Sessualità

Può un “amico di letto” contenere in sé il mistero autentico dell’amore?

coppia

di Carmen Miranda* psicoterapeuta e operatrice di biofertilità

Relazioni sessuali facili e a buon mercato, una moda in voga non solo tra i giovani ma anche tra i coniugi. Guardiamo al significato dell’atto sessuale nella cornice del sacramento del Matrimonio.

“Ho un amico di letto bellissimo, ma nel 2019 mi sposo”: esordisce così la voce di una ragazza a Radio deejay. La sento di sfuggita mentre salto fuori dalla macchina in una delle mie giornate piene di appuntamenti e cose da fare. La notizia non mi sconvolge affatto, anche se una parte di me rabbrividisce. Oggi ormai la tendenza più affermata è utilizzare la sessualità come un bene di consumo. Per capire cosa c’è di tanto inquietante nell’affermazione della ragazza dobbiamo tornare alle radici dell’unione carnale celebrata nel matrimonio. Anzi, farei meglio a dire non più celebrata nel matrimonio perché è dalle stanze della coniugalità che la relazione sessuale ha cominciato ad essere sempre più svalutata fino a diventare il mero espletamento di un bisogno.  

Mi soffermo sulla sessualità coniugale, tenendo conto che la questione “prematrimoniale” aprirebbe un articolo a parte. Nella mentalità comune si è sempre pensato che la camera da letto è una stanza asettica dove non entra alcun “peccato”, ma talvolta nemmeno alcun “sentimento”. La camera nuziale, dunque, è spesso sentita come uno spazio ad uso esclusivo degli sposi senza accesso a Dio. Questo è quello che riecheggia in gran parte della cultura odierna. In realtà senza Dio l’atto sessuale in sé perde la sua caratteristica di dono e tutto si trasforma nel solo godimento. Il sentimento dell’amore viene by-passato al corpo senza tener conto della persona. La totalità si perde e si consegna all’altro solo una parte di sé, quella materiale, fatta di sensi e di muscoli.

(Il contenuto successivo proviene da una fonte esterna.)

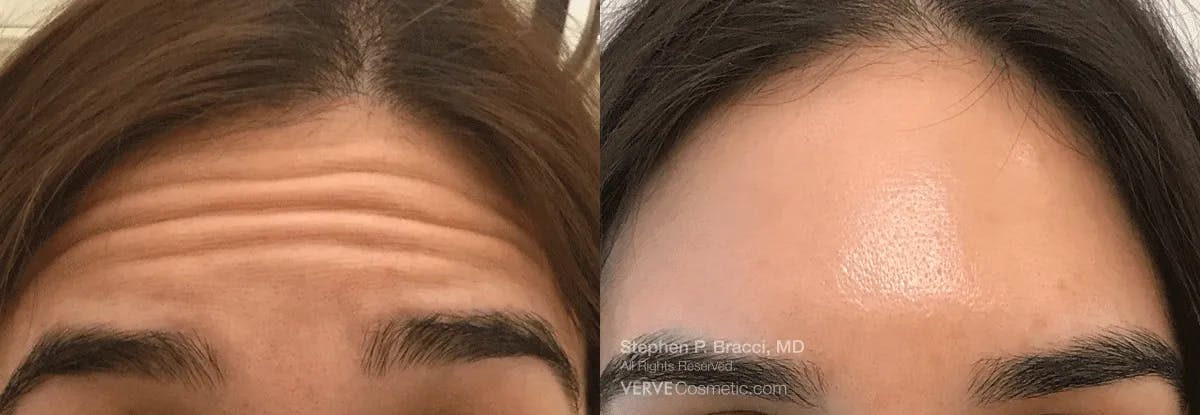 Forehead Line (Botox) Before & After Gallery - Patient 186482 - Image 1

Per comprendere a pieno la totalità dovremo partire da Amore e Responsabilità di Wojtyla. In questo libro, interessantissimo per chi vuole approfondire l’argomento, Karol Wojtyla afferma che il significato pieno della sessualità racchiude non solo un aspetto filosofico e antropologico ma anche elementi teologici e spirituali. L’uomo e la donna nell’amarsi offrono se stessi all’altro, fino a costruire la comunione sacramentale degli sposi che riflette l’unione di Cristo e della Chiesa.

Il donarsi sessualmente non è semplicemente uno scambio di effusioni, ma in virtù del Sacramento, rappresenta e comunica la grazia del sacrificio di Cristo per la Chiesa, e perciò possiede un carattere sacerdotale. Un atto che porta in sé la capacità di rendere genitori, gli sposi. A volte proprio in mancanza di un buon accompagnamento spirituale, tendiamo a “sbrigare” il nostro dovere coniugale non apprezzando a pieno le sue caratteristiche fondamentali. Perdiamo la consapevolezza che quel dono ci unisce al nostro sposo e ci apre a nuovi orizzonti. Siamo spesso accompagnati da una grande paura dell’amore, troppo preoccupati di non soffrire per un sentimento non ricambiato o rifiutato. Spesso non osiamo donare per non disattendere le nostre aspettative e finiamo col vivere un amore al limite del “necessario”. Così dimentichiamo che il dono, anche se non accettato dall’altro, viene accettato da Gesù Cristo.

Forti di questo, possiamo osare e fare il primo passo nell’amore. Dobbiamo credere fermamente che l’amore che ci unisce al coniuge non parte dalle nostre carenze ma da una traboccante pienezza: il dono d’amore ricevuto da Cristo. Riscoprire la propria sessualità nel matrimonio diventa per un credente, un “bene” necessario da ricercare. E come tutte le cose importanti, anche questa richiede fatica e volontà. Ma portiamo nel cuore la consapevolezza che ritrovato il cammino, si ritrova la pace per poter “gustare” nella pienezza lo sposo che il buon Dio mi ha affidato e insieme aprirci ad una fecondità che supera il corpo fino a raggiungere la santità. C’è, dunque secondo voi, amico di letto che possa contenere in sé questo grande mistero d’amore?